5. By order dated January 10, 2005, the Los Angeles Superior Court stayed the civil action pending the reference of this matter to the Labor Commissioner for determination of issues under the Talent Agencies Act (Labor Code S1700, et seq.). On January 14, 2005, Greenwald filed this petition to determine controversy, seeking a determination that pursuant to her oral agreement with Smith, Chiba procured performing engagements for Smith, and since she did so without the requisite talent agency license, the oral agreement is void in its entirety from its inception, and that Chiba has no enforceable rights under that agreement. Chiba filed an answer to the petition, denying that she procured the engagements that were alleged in the petition, and seeking a determination that her oral agreement with Smith is not void, invalid or unenforceable under the Talent Agencies Act.

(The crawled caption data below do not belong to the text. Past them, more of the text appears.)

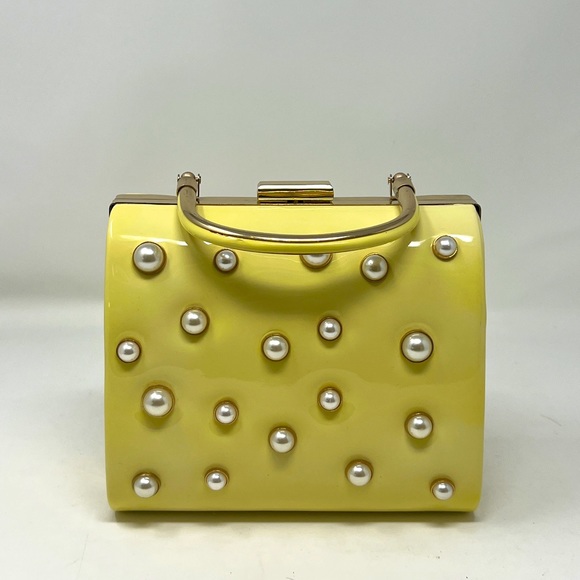 Ivory Patent finished Pearl cross Body - Picture 2 of 7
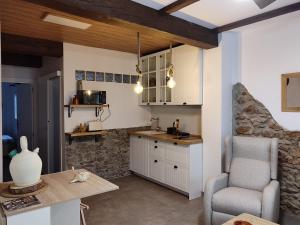 eine Küche mit Theke, Tisch und Stühlen in der Unterkunft Ca Salamandra in Albalat de Taronchers
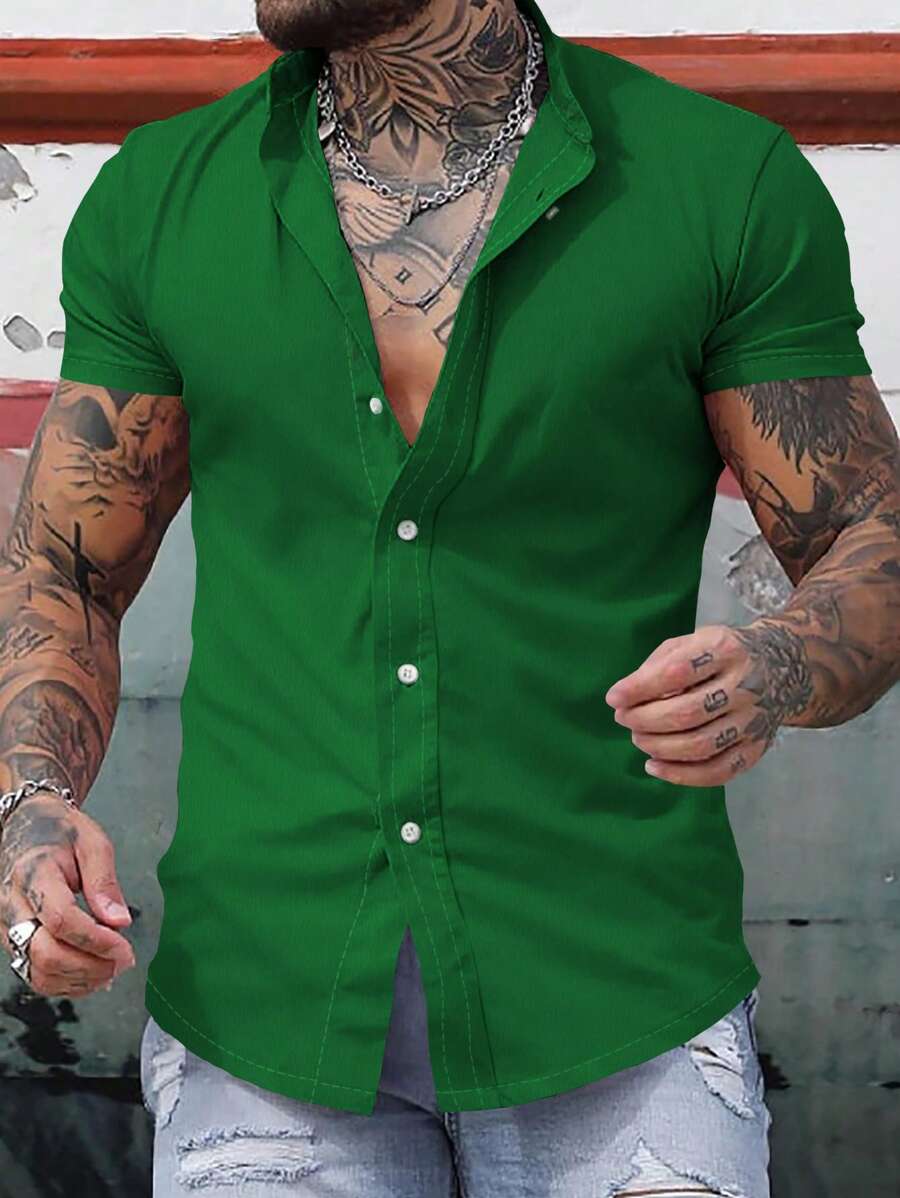Manfinity LEGND Men Plus Solid Button Up Shirt - Green - View 1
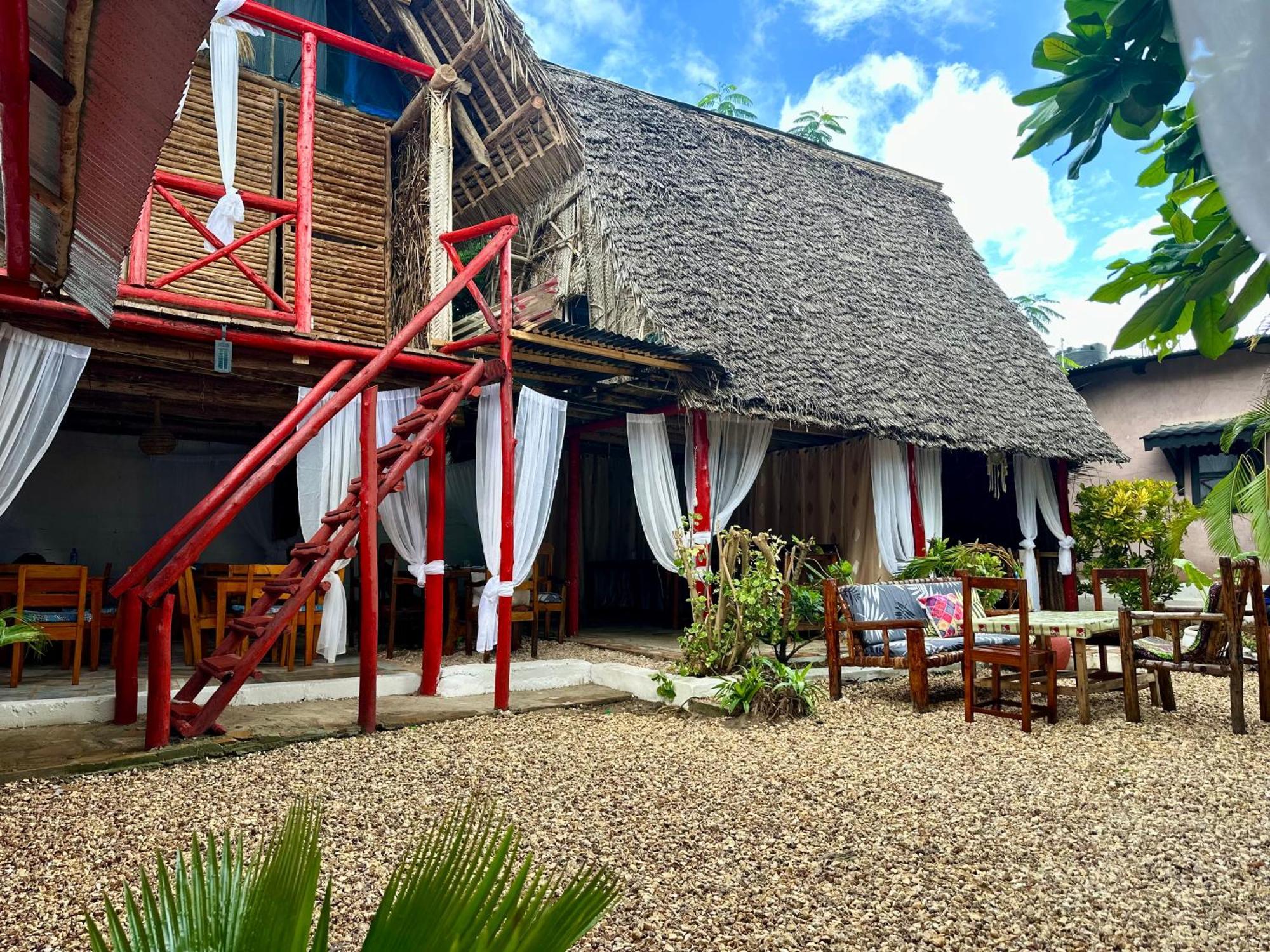 Pole Pole House Hotel Nungwi Exterior photo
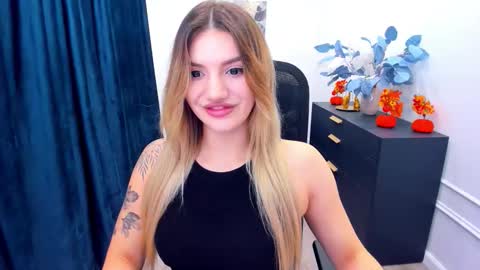 selenaemoore online show from October 13, 9:50 pm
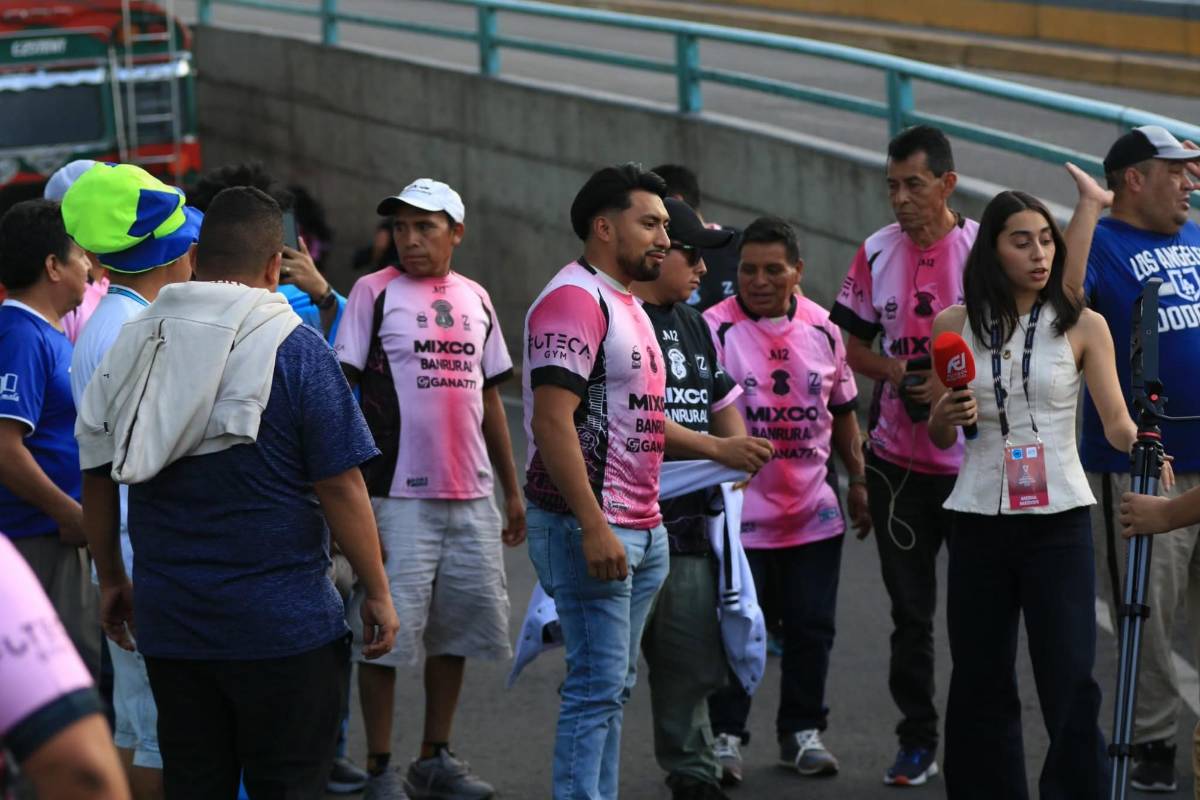 Olimpia vs Mixco: Lindas chicas, barra Ultra Fiel deslumbra y el ambiente en duelo de Copa Centroamericana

6. During a deposition that was taken on September 29, 2004 in connection with the parties’ civil action, Chiba testified that she and Smith entered into the oral agreement that is the subject of the lawsuit sometime between August 26 and August 31, 2002, during a conversation in her home, and that during this conversation, she agreed to help him by becoming his manager and agent for the purpose of arranging the booking and scheduling appearances for Smith’s musical performances, for which she would receive commissions on his entertainment earnings. Chiba testified that this discussion did not take place separately from the discussion about the other matters included in the alleged oral agreement, such as Smith’s promise to provide for her financial needs and support her, and her promise to perform housekeeping, cooking, secretarial, bookkeeping, and financial counseling services for Smith. There was just one conversation during which all of these matters were discussed, and, according to Chiba, the parties reached one oral agreement regarding all of these matters. Following this discussion, Chiba became involved in arranging the booking and scheduling Smith’s performances for every one of his engagements. He performed at 20 engagements from the end of August 2002 until his death. Chiba testified that for some of these engagements, she initiated contact with the venue where the performance ultimately took place in order to procure the booking for Smith, and that for the others, she received telephone calls from persons requesting that he perform at their venue, and in those instances, she communicated with these callers to agree to and schedule the performances. She testified that for all of these engagements, she was involved in negotiations for Smith’s fee.
7. No evidence was submitted that contradicts or casts any doubt upon Chiba’s testimony as outlined above, so we rely on this testimony in deciding this case.



For all of the reasons set forth above, IT IS HEREBY ORDERED that the August 2002 oral agreement between Jennifer Chiba and Elliott Smith is void from its inception, in its entirety, and that Chiba has no enforceable rights thereunder.